Avec ce ton direct qui a fait sa réputation, ses dialogues incisifs et provocateurs, ses questions piquantes sur notre société (il aborde superbement le sujet des transgenres), Warren Ellis se glisse, avec “Trees”, dans le grand laboratoire humain qu’est devenue cette planète qui s’interroge devant l’invasion extraterrestre.
Les cylindres mystérieux des « arbres » évoquent le fameux “Jour des Triffides” de John Wyndham, imposant une menace sourde, sournoise, lente et silencieuse. La présence est menace et angoisse pour une humanité en peine de réaction.
Plaçant les questionnements dix ans après « l’arrivée », le scénariste s’offre une gamme de réactions ouvertes et intéressantes selon le point de vue et l’endroit qu’il choisit. Sur plusieurs fils narratifs, il compose des micro-sociétés qu’il explore, les faisant évoluer avec les nouvelles composantes qui s’imposent sous l’ombre des « arbres ». Les sujets divers, politiques, géo-politiques, sociétaux abondent là où la violence, l’art, le sexe et les manipulations dont l’homme use et abuse méthodiquement offrent à la curiosité aiguisée d’Ellis des sujets d’abondance.
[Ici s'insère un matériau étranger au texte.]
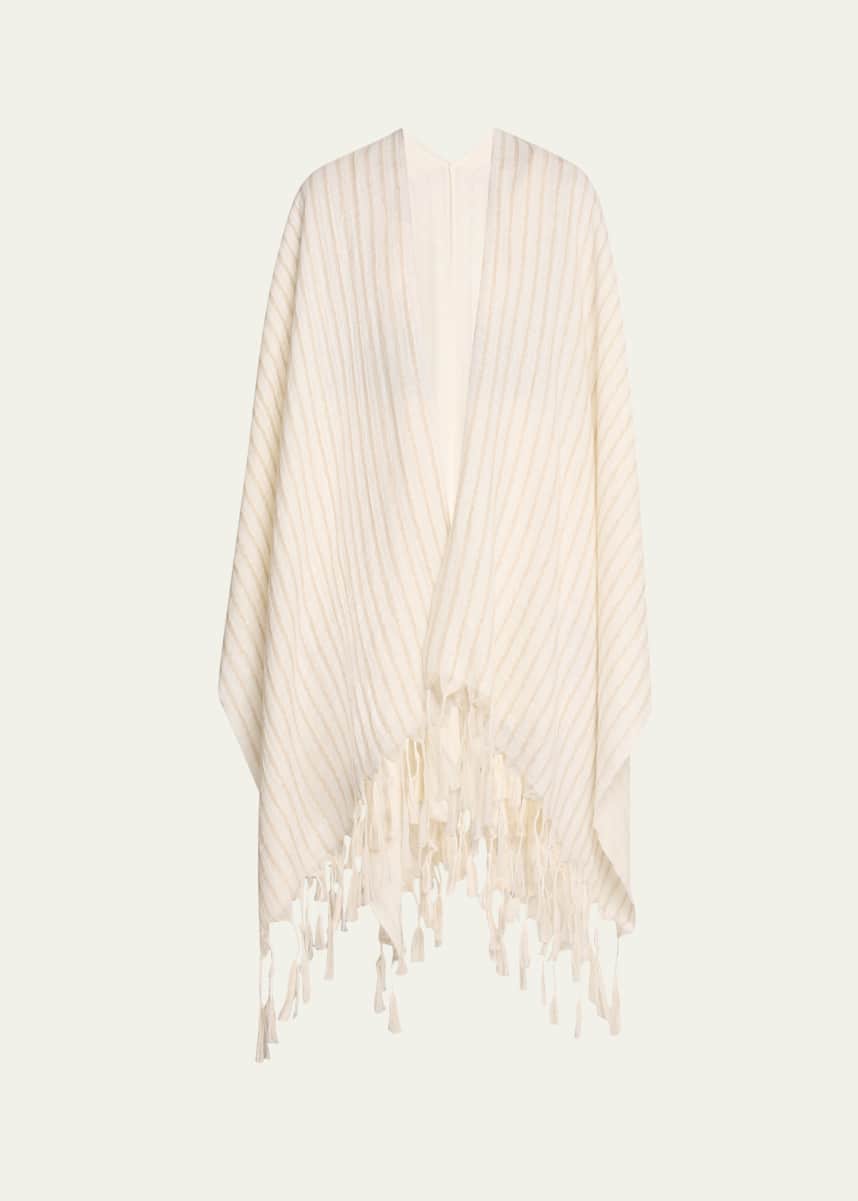 Brunello Cucinelli Tassel Metallic Wool Poncho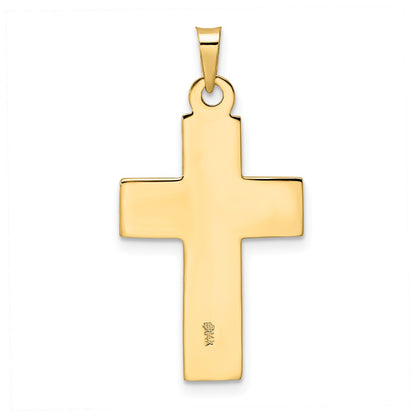 14k Two-tone Gold Polished Solid INRI Crucifix Pendant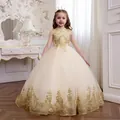 Close-up of luxury cream tulle girl's dress with gold sequins and lace embroidery details - 8-9 Years / Champagne
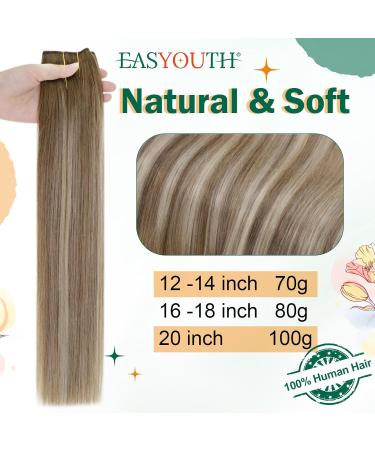 Easyouth Brown to Blonde Balayage Wire Hair Extensions 20 Inch 100g - Real Human Hair Ombre Fish Line Extensions #3/8/22 - Buy Online on GoSupps.com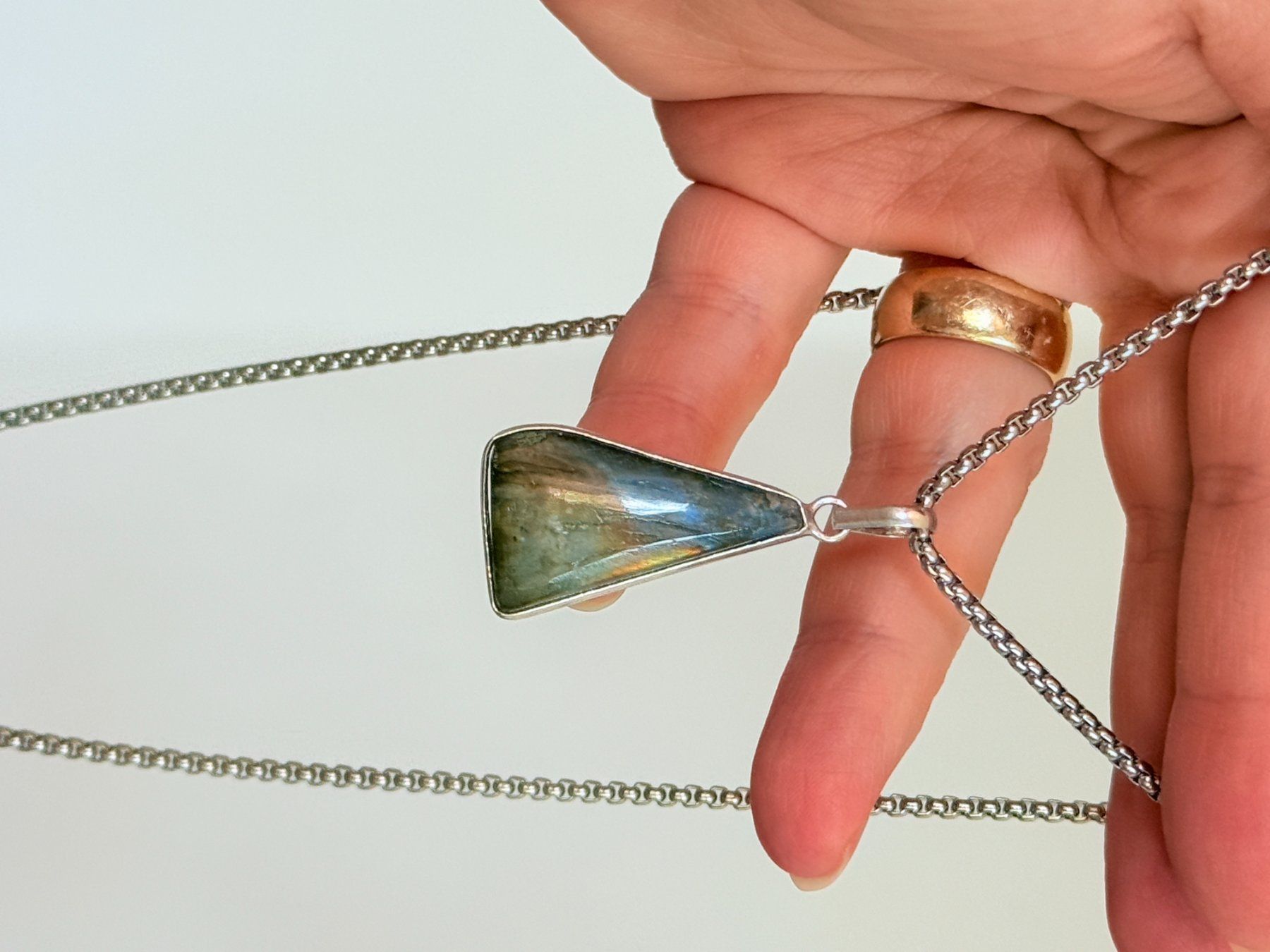 Colliers: Collier avec Labradorite – Neuf avec emballage d'origine à Genève par AWWA 3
Le dessin de Jason Howard, même s’il paraît parfois un peu raide et restrictif, réussit à donner une très belle dynamique à cette mosaïque pas si simple à assembler. Quelques traits exagérés ressembleront à de rares mauvais tics dans une palette d’émotions fortes et d’ambiances de fin de monde cataclysmique qui emporteront l’adhésion. Il faut juste un peu s’accaparer le style du dessinateur.
Ce premier “Trees”, “En pleine ombre”, porte les graines d’un très bon récit d’invasion extraterrestre, moderne et original, qui appelle vite à d’autres implantations. La prochaine plantation, intitulée “Deux Forêts”, est prévue pour le 28 octobre 2016. À noter, pour les deux tomes, les couvertures tout à fait remarquables.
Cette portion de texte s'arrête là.